One day I had an encounter with him. He was waking up from sleeping on the subway grill. It snowed and rained the night before. He spoke to me and showed me how wet his clothing was. I gave him more to buy a meal and told him I was sorry he had to sleep this way. He didn't want to go to a shelter because he didn't like it there. Since that time I would greet him when I gave to him.
One evening I was getting ready to go to sleep. I heard God telling me to take some of the bedding out of my closet and put them into four bags. To that, I had to add my two favourite coats. He wanted me to wake up very early the next morning to drive to work. I had to give these bags to the homeless. I struggled a bit in my heart about giving away the coats, but by this time I knew better and chose to obey God. I added some water and fruit to the bags.
It was deep winter. I left home by 5:30 am to drive to work. God told me which route to take and what to do. I kid you not, there was not one homeless person to be found. I thought it would be easy to find them and just get rid of the bags. Eventually, as I got close to work I saw a couple of people sleeping on the streets. I quickly parked my car and gave them two bags. I walked a bit and found another person. The last bag was very heavy. I decided to split it into two. I walked around and could not find a person. God took over and directed me where to walk, a bit further away from the office, through a small park and voila, there were 5 people huddled together sleeping on the street. I crossed the street to leave the last bags. I put one of the bags next to one of the men, then put the other one next to the adjacent person. My heart really went out to them. I opened my wallet and my eyes saw $5 first. Instead, I took out $20 and put it beside one of them. I did the same for the other person. One of the men woke up and I apologized for leaving the bags with the women's coat with them. He could not stop thanking me. He was so grateful. Another man woke up. I asked them why they were here as it was bitterly cold the previous night. They said they were not able to get into a shelter, so they huddled together to stay warm.
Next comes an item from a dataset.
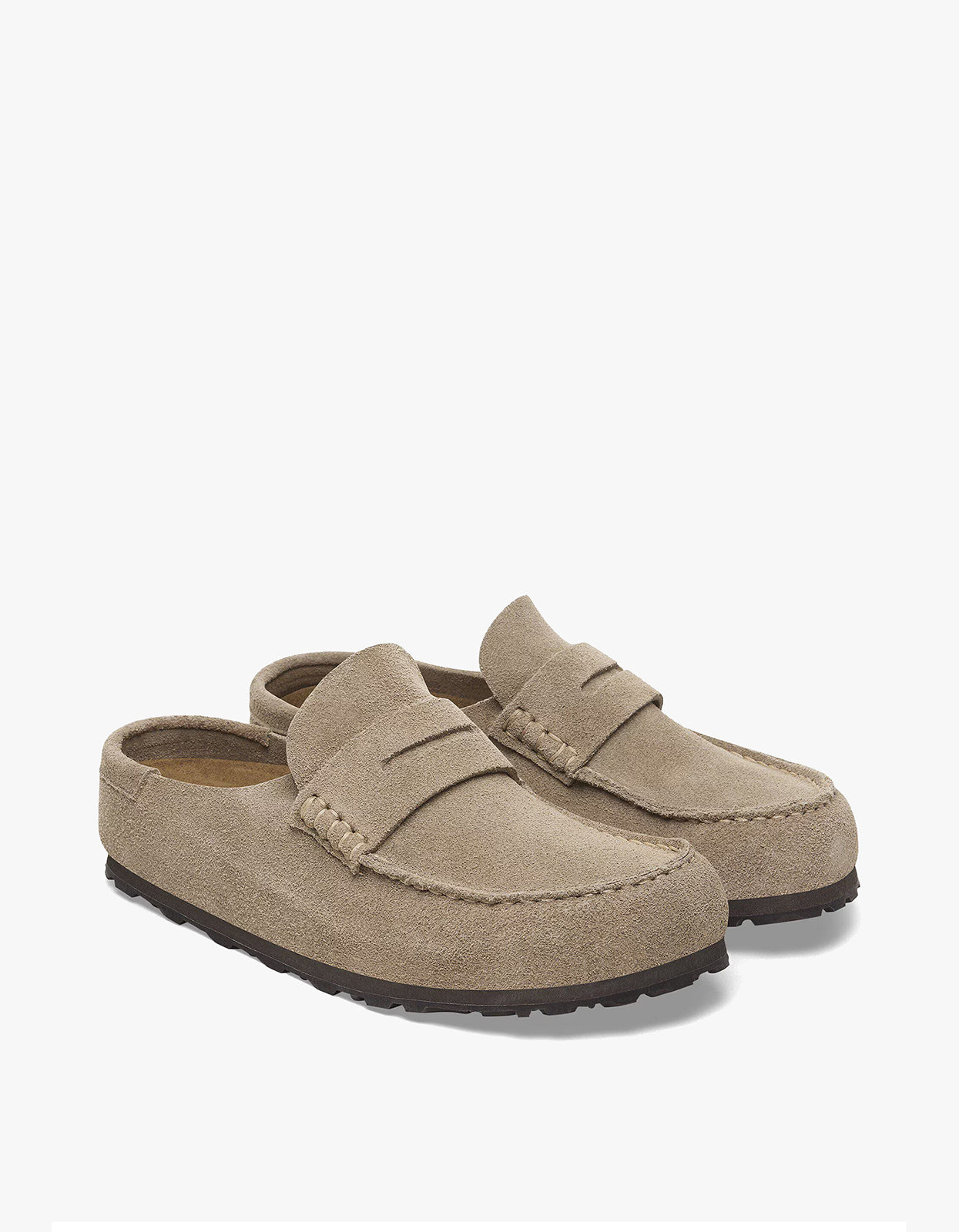 Womens Naples Wrapped Suede - Taupe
I gave the first man some money. His hand touched mine and it was so soft. I will never forget how his hand felt, soft, tender, warm. This caught me by surprise as I expected it to be hard and rough. Eventually I emptied out my wallet and gave them what I had. That morning I learned humility, compassion and love in addition to the gift of giving freely. They kept thanking me over and over. I walked back to my office. It was still very early in the morning, just after 6 am and no one was in. I sat at my desk and sobbed very hard and very loudly. I believe I had learned my lesson.
About five months later I was going to work and I had the money in my pocket. As I was walking up the street to where the man usually was, there was no one on the streets. I blinked and a woman with very curly salt and pepper hair appeared out of nowhere and into my sight. She walked south as I walked north. I could not take my eyes off her because her hair was so distinct and she was tall. She had an extremely confident presence about her and was well dressed. She walked right up to me and stuck her hand right up to my face. In her hand was a paper cup. I must have been on automatic giving mode. I deposited the $3.00 into her cup. She pulled her hand away and began to walk away. I heard her saying loudly to herself "Weeeeeeeeee!!!!!!!" with glee. I had my eyes on this woman as she walked away. She didn't turn a corner. I blinked and in the same way that she appeared, she disappeared. I realized in that moment that I was being tested by God to see what I would do and I might have very well just encountered an angel. I have never seen her again. I was getting the drift of giving, which would eventually include my lesson in tithing.
Six months later I was on the train going to work. I heard quite loudly in my head "Hold the tithe". It was so loud, it sounded like the person next to me was speaking to me. I thought I was losing my mind. I questioned God in my head "What do You mean, hold the tithe? Am I hearing you right? Is this Satan? Why would you tell me not to give money? Every day I am supposed to have $3.00 ready to give because You want me to give it. Hold the tithe? I must not be hearing right." I proceeded to disobey God and put the $3.00 into my pocket. I walked up the street as I usually do and the homeless man was no longer there. I never saw him again.
By this time I was already giving in other areas of my life wholeheartedly and not questioning God. Little did I know that this gift of giving would be where I would experience the truth about Luke 6:38: "Give and it will be given to you. A good measure, pressed down, shaken together and running over, will be poured into your lap. For with the measure you use, it will be measured to you." In Malachi 3, God says you are under a curse if you do not bring the whole tithe into the storehouse. These taught me to take my tithing and giving very seriously. I have always been blessed in return.